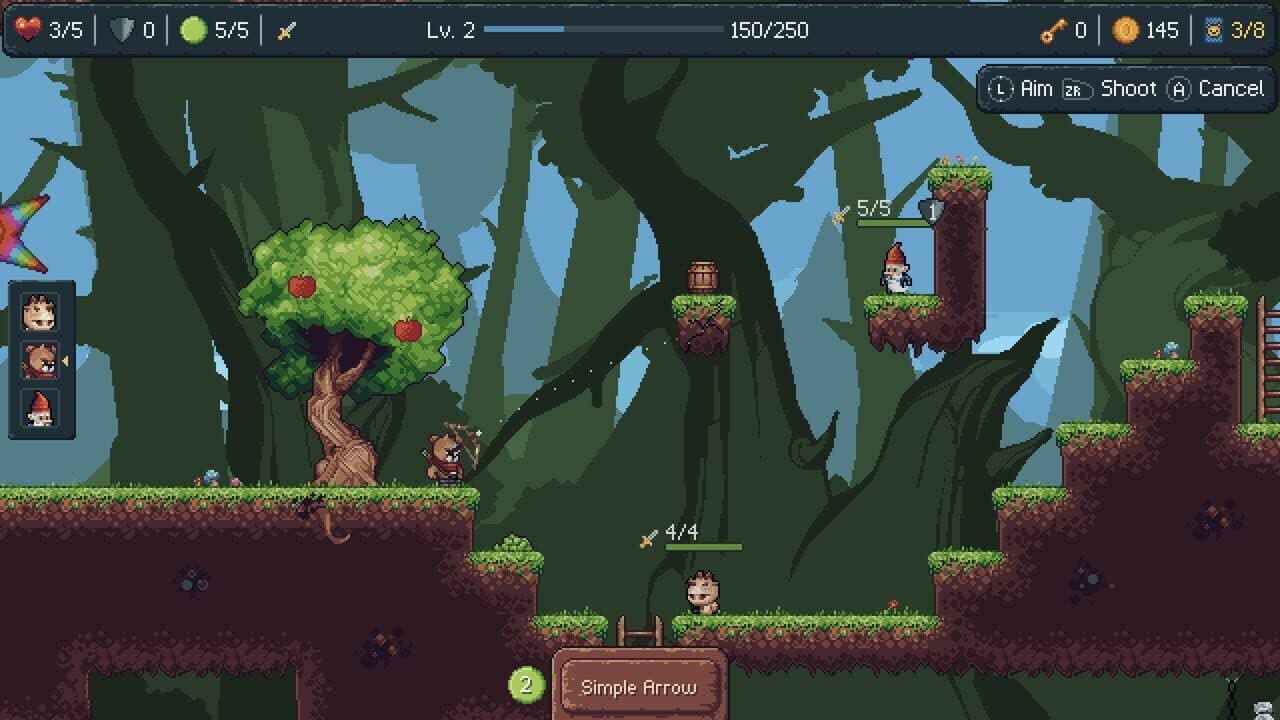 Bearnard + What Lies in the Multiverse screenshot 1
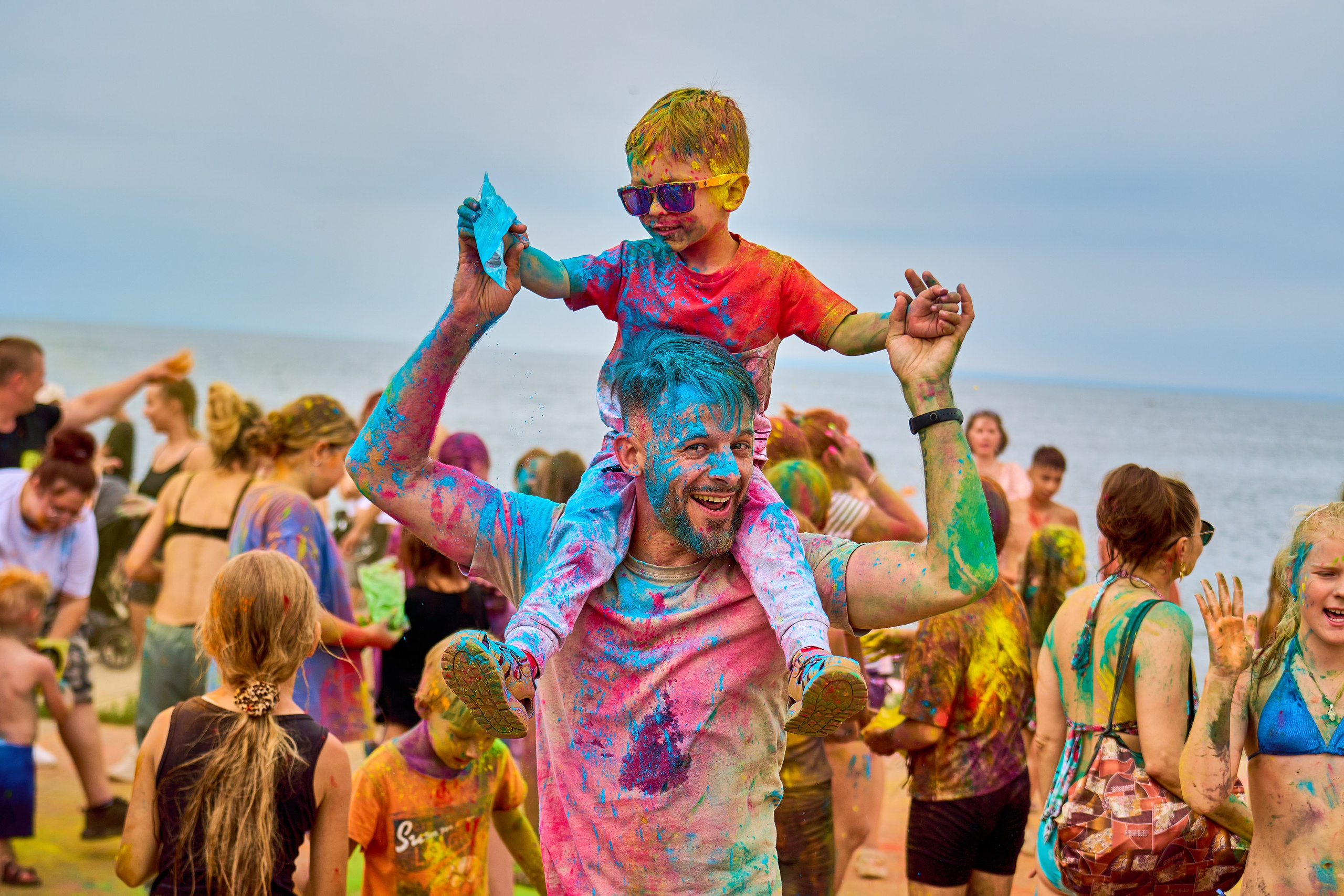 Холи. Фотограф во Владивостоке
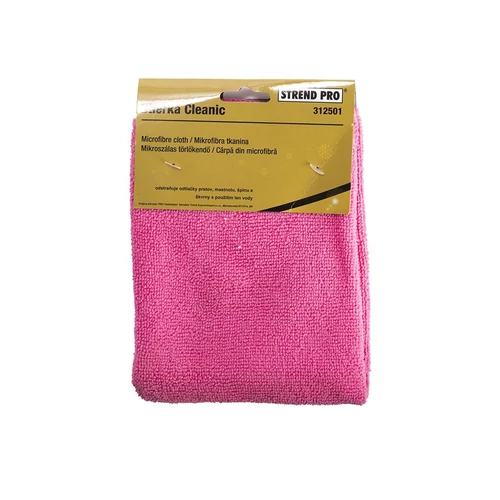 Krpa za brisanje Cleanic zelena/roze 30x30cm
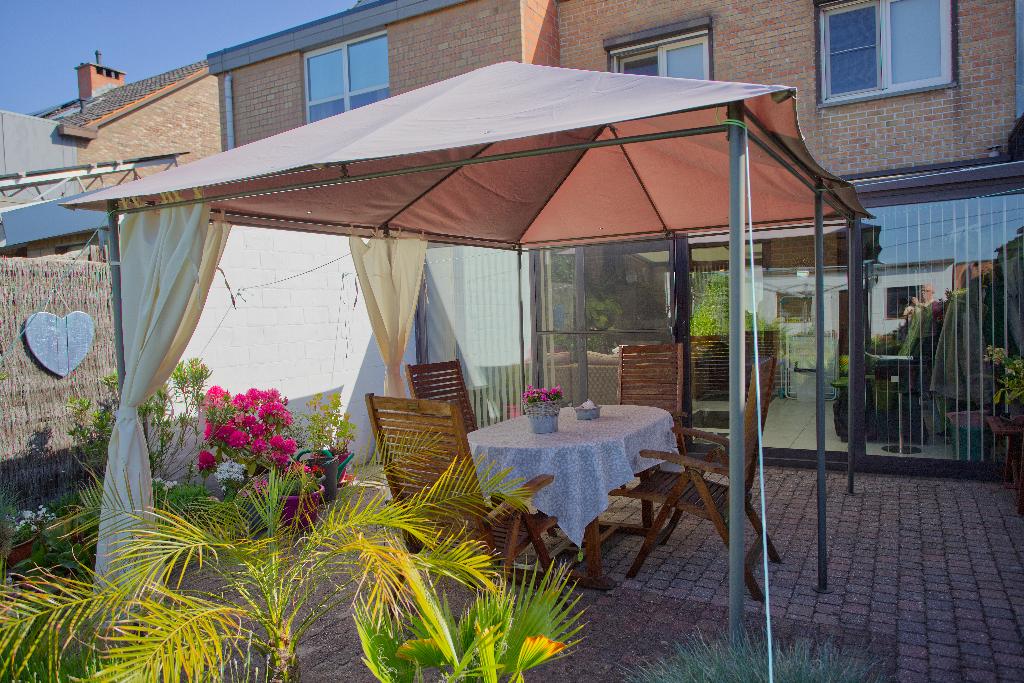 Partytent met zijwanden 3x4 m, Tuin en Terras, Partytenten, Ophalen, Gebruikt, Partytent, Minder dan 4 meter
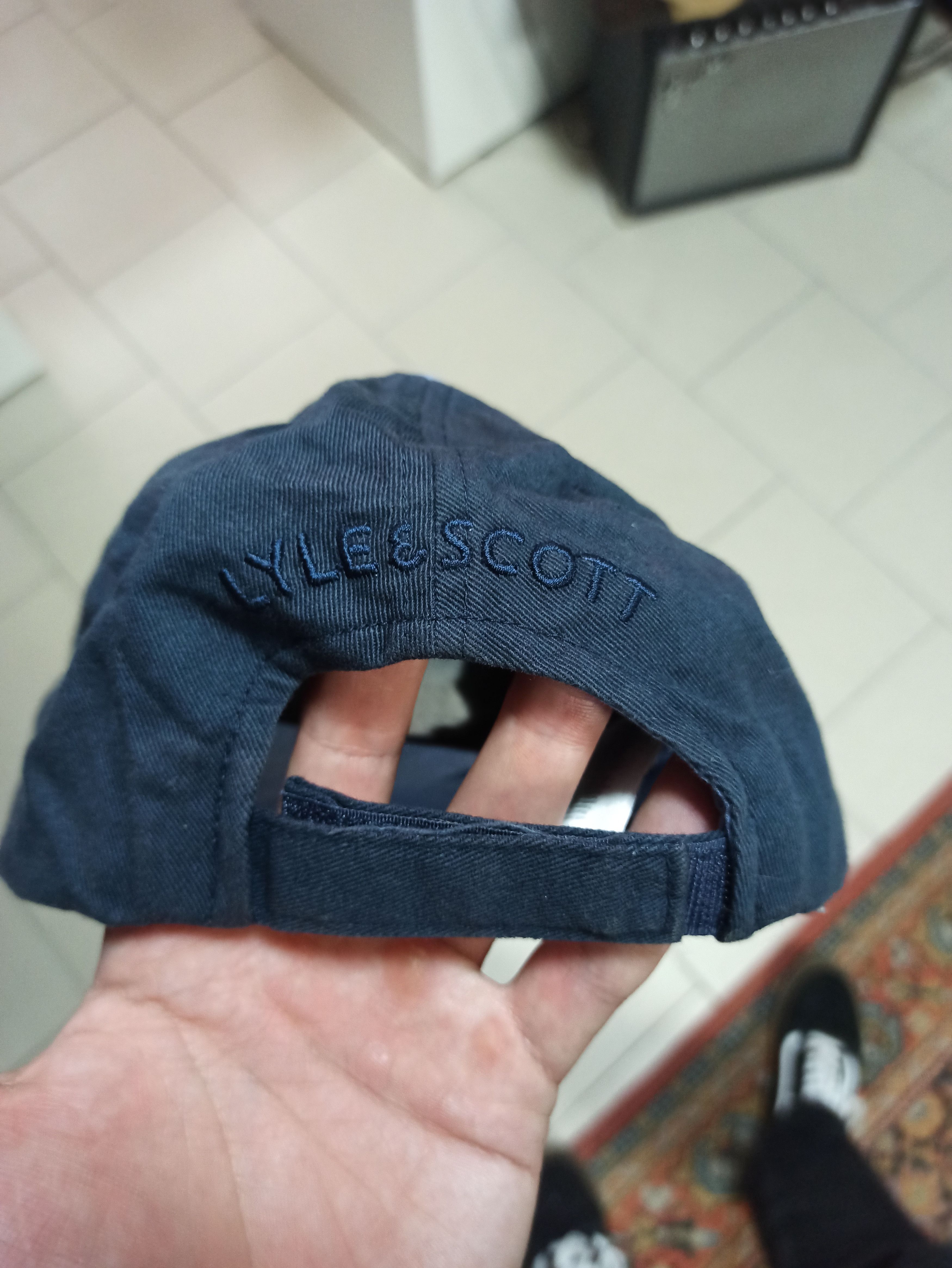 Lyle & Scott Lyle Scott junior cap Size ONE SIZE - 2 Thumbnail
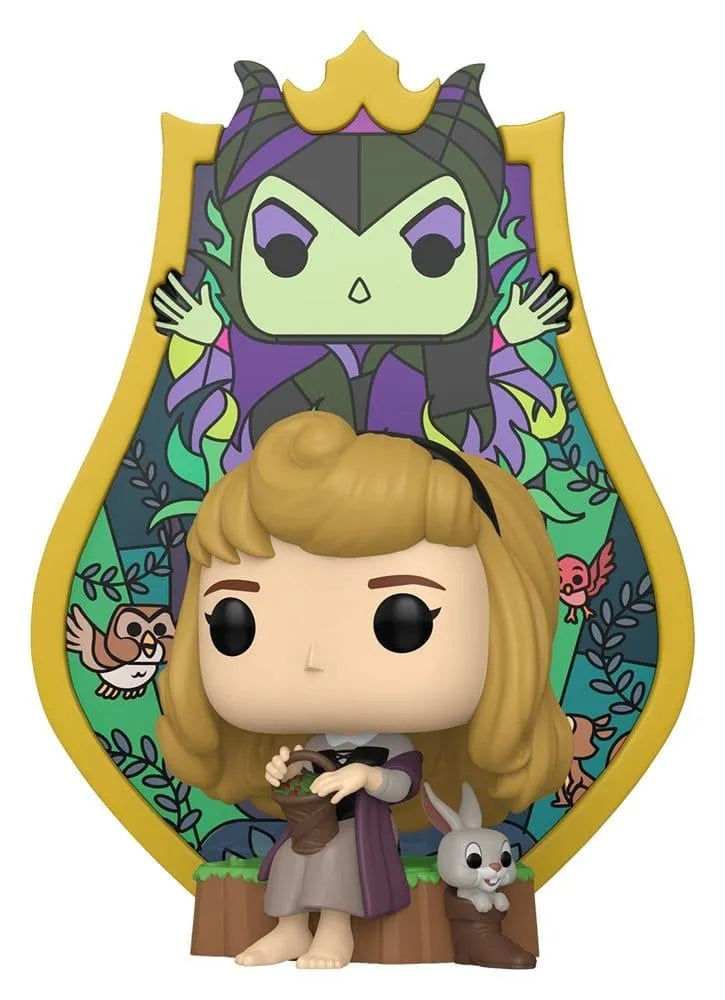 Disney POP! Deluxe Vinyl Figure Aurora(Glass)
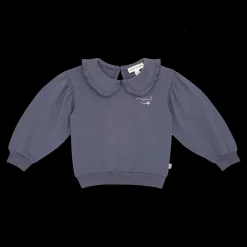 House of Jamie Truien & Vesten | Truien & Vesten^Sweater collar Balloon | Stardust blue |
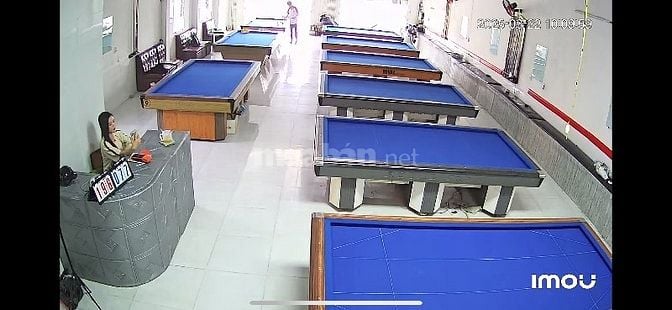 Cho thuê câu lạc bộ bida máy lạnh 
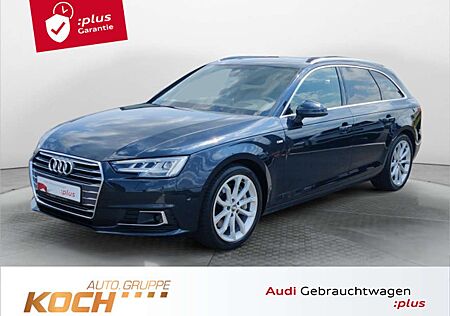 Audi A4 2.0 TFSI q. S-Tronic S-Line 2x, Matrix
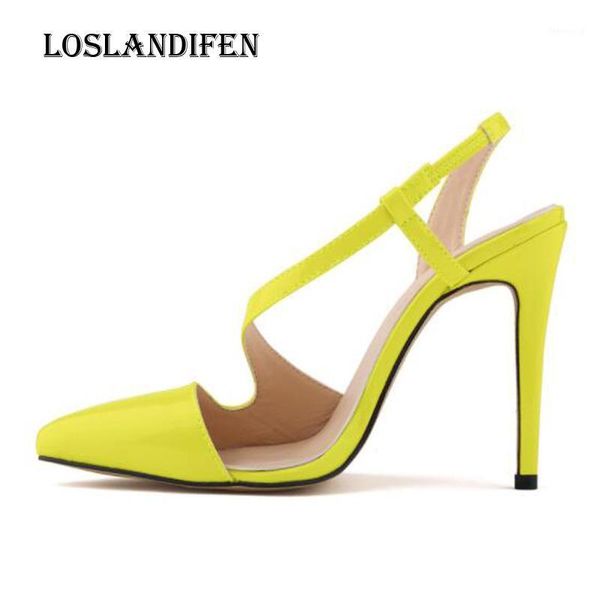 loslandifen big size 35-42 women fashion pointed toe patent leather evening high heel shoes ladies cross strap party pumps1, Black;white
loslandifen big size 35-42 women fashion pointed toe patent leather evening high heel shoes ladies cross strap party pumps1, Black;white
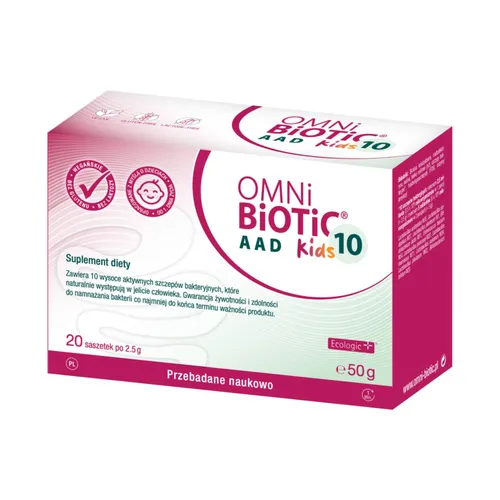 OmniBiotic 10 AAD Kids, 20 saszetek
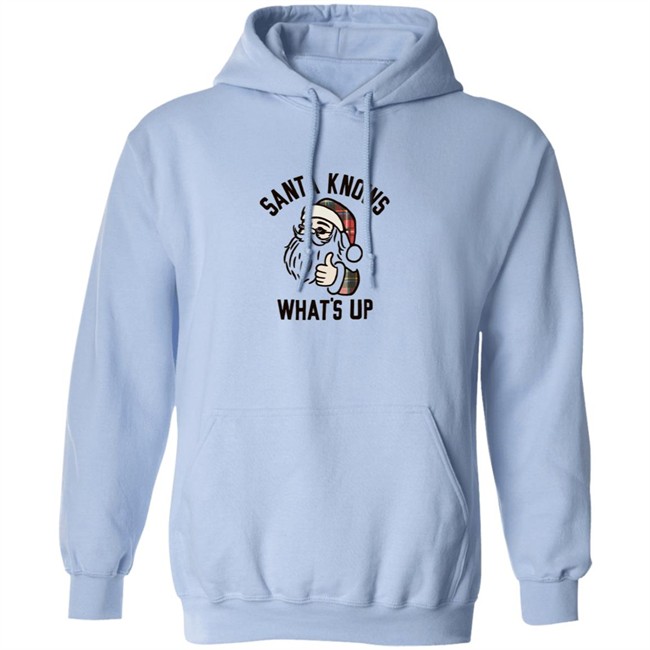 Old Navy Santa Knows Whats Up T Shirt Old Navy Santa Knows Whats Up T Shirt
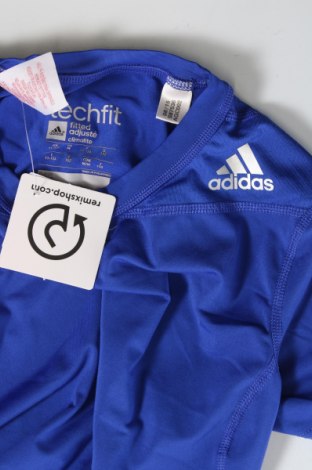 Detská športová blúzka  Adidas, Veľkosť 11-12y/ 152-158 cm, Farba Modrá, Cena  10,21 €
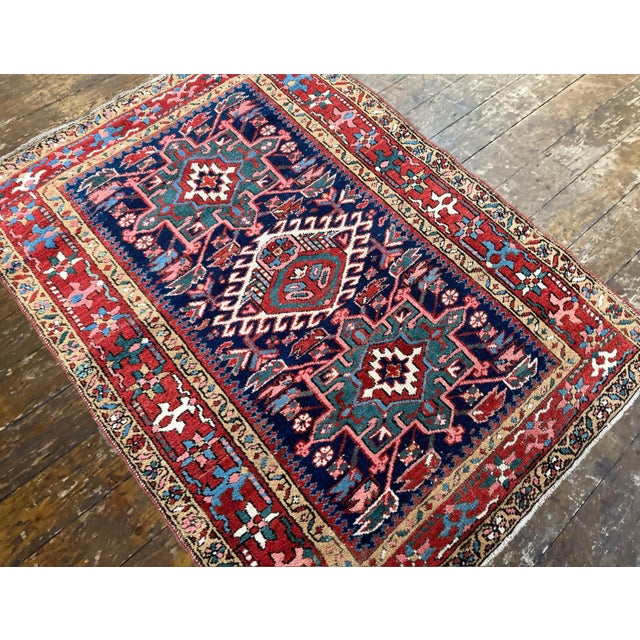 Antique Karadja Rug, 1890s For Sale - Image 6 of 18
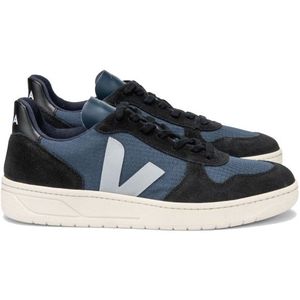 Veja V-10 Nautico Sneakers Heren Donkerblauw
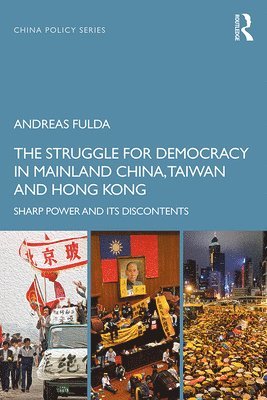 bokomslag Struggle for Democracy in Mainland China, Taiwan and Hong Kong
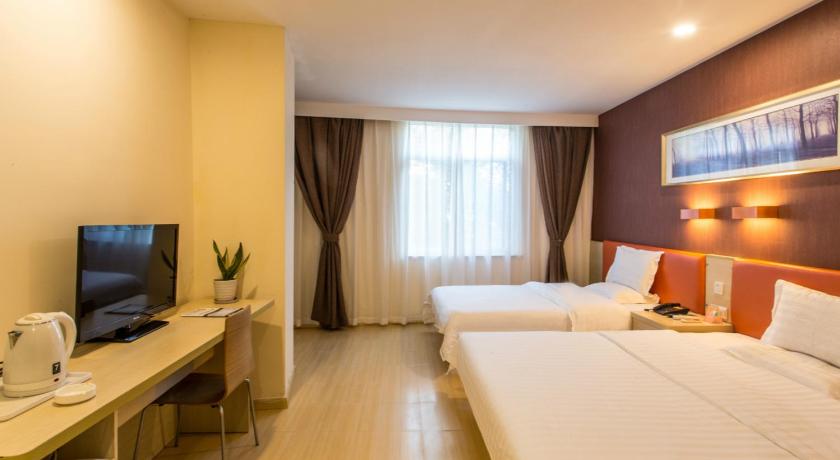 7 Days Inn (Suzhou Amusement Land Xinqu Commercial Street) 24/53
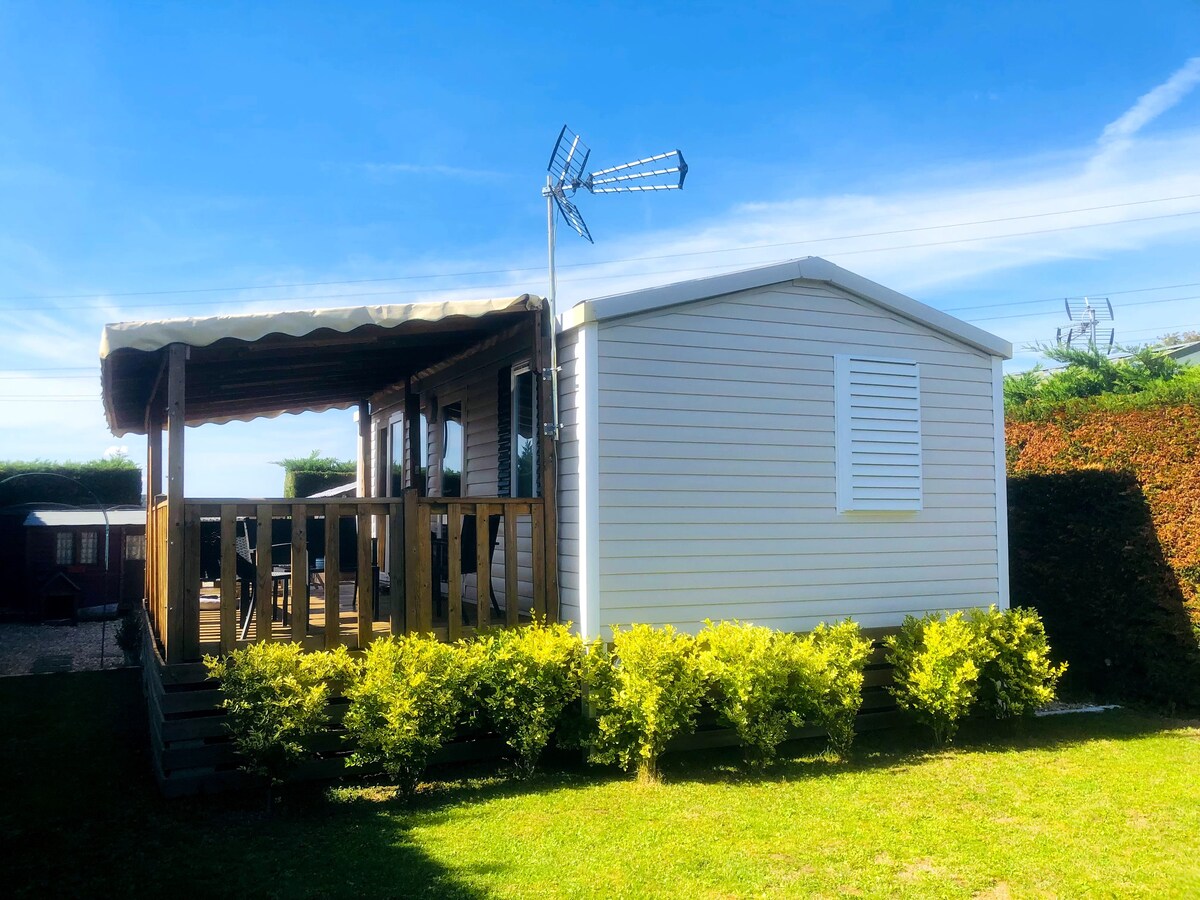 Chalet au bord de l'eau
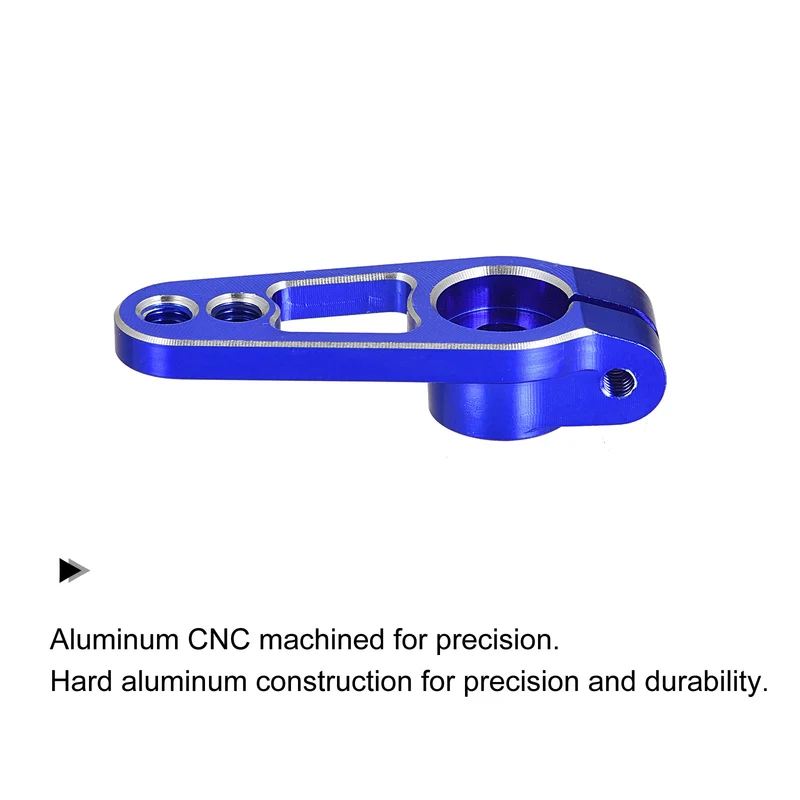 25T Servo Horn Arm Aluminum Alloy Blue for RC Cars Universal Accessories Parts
* * * *
* **Exercise goal**:
Give back the material word for word and drop the pictures it holds.

* **Answer to the problem**:
 Bearnard + What Lies in the Multiverse screenshot 1
 Холи. Фотограф во Владивостоке
 Krpa za brisanje Cleanic zelena/roze 30x30cm
 Partytent met zijwanden 3x4 m, Tuin en Terras, Partytenten, Ophalen, Gebruikt, Partytent, Minder dan 4 meter
 Lyle & Scott Lyle Scott junior cap Size ONE SIZE - 2 Thumbnail
 Disney POP! Deluxe Vinyl Figure Aurora(Glass)
 House of Jamie Truien & Vesten | Truien & Vesten^Sweater collar Balloon | Stardust blue |
 Cho thuê câu lạc bộ bida máy lạnh 
 Audi A4 2.0 TFSI q. S-Tronic S-Line 2x, Matrix
 loslandifen big size 35-42 women fashion pointed toe patent leather evening high heel shoes ladies cross strap party pumps1, Black;white
loslandifen big size 35-42 women fashion pointed toe patent leather evening high heel shoes ladies cross strap party pumps1, Black;white
 OmniBiotic 10 AAD Kids, 20 saszetek
 Old Navy Santa Knows Whats Up T Shirt Old Navy Santa Knows Whats Up T Shirt
 Detská športová blúzka  Adidas, Veľkosť 11-12y/ 152-158 cm, Farba Modrá, Cena  10,21 €
 Antique Karadja Rug, 1890s For Sale - Image 6 of 18
 Veja V-10 Nautico Sneakers Heren Donkerblauw
 bokomslag Struggle for Democracy in Mainland China, Taiwan and Hong Kong
 7 Days Inn (Suzhou Amusement Land Xinqu Commercial Street) 24/53
 Chalet au bord de l'eau
 25T Servo Horn Arm Aluminum Alloy Blue for RC Cars Universal Accessories Parts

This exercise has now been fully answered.